Early in Eliot’s career he had some success, and that period is explored, mostly in flashback and dialogue. Having the tag “the next Bob Dylan” probably was an early break for Eliot, in the sense that it got him noticed. But nobody wants to be Bob Dylan for long. There are a few allusions to Bob here and there throughout the novel and then, in the penultimate chapter, Dylan himself makes a cameo. That was a lot of fun to write. He appears in a scene in which Eliot gets what might be interpreted as his last big break, although there are a few other kinds of last big breaks that come in the final chapter as well. As far as breaks go, I put Eliot through the ringer in all kinds of ways.

Both Eliot and his wife Anita are artists, although her poetry takes a backseat to her teaching, while he’s free to write and perform music full-time. She reflects to a decade or so earlier and thinks “She should have been writing—instead of dreaming of being a writer. She should have woken Eliot up.” Is this a subtle (or overt) source of conflict throughout the novel?

It’s an overt and ever-building source of conflict and tension in the novel, though far from the only one. Anita has sacrificed a lot for Eliot, and she feels like her time has come; time for him to make a sacrifice or two. He resists. He still wants to “make it,” though he doesn’t quite know what that phrase means anymore. Both of them realize that time is moving fast, and if they don’t make something good happen, career-wise–and soon–either nothing is going to change or, worse, something bad is going to happen.

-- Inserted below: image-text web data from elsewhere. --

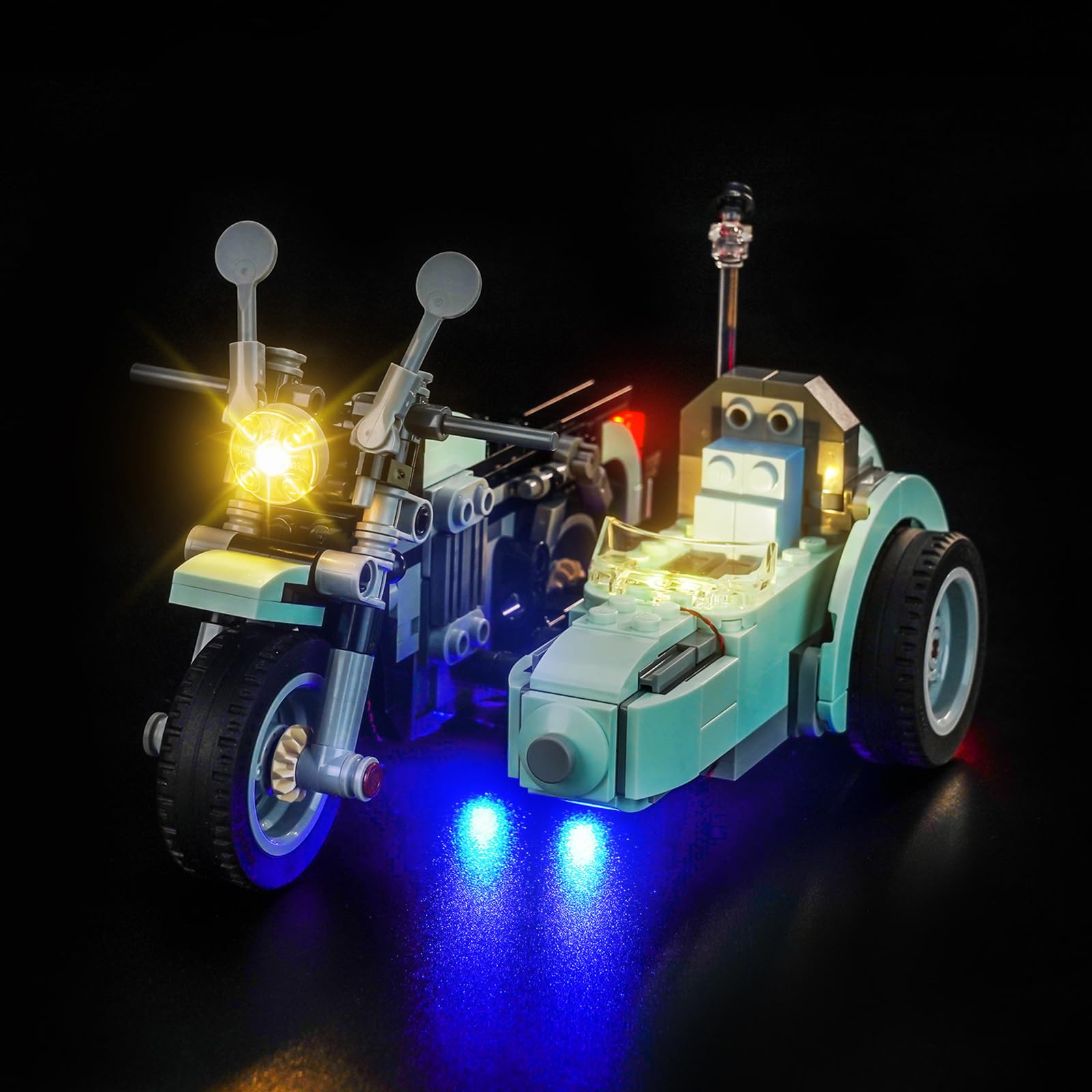 Light Kit Compatible with Lego Hagrid & Harry's Motorcycle Ride 76443 (No Model)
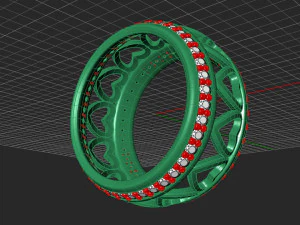 patterned women ring - model 3 - 3d print model 3D Print Model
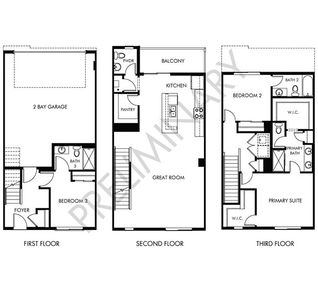 New construction Townhouse house 4652 Talley St, Morrison, CO 80465 plan The Belford - image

And then there’s Eliot’s brother, Mark, “the boy priest.”  We’re given just a glimpse of his character in this excerpt. What role does he play in the grander scheme of things?  How do things balance out in the novel, as far as the individual stories of these three? Is there a lot of overlap?

The stories are woven like strands of a helix. They do touch in key places. And they get knotted pretty tightly in the end, when tragedy strikes. Regarding Mark, he is deeply conflicted about his vocation, but he’s also deeply committed to his hardscrabble, recently gang-infested neighborhood parish. He and Eliot are long-estranged, but both of them dimly recognize a desire for reconciliation, if for no other reason than that each one intuits that the other might be the only human being on earth who can really understand him. That desire is intensified in the course of the novel as they both undergo enormous pressures of various sorts in their personal lives. However, as I mentioned earlier, time is moving fast. There are consequences, physic, spiritual, material, to putting something off too long.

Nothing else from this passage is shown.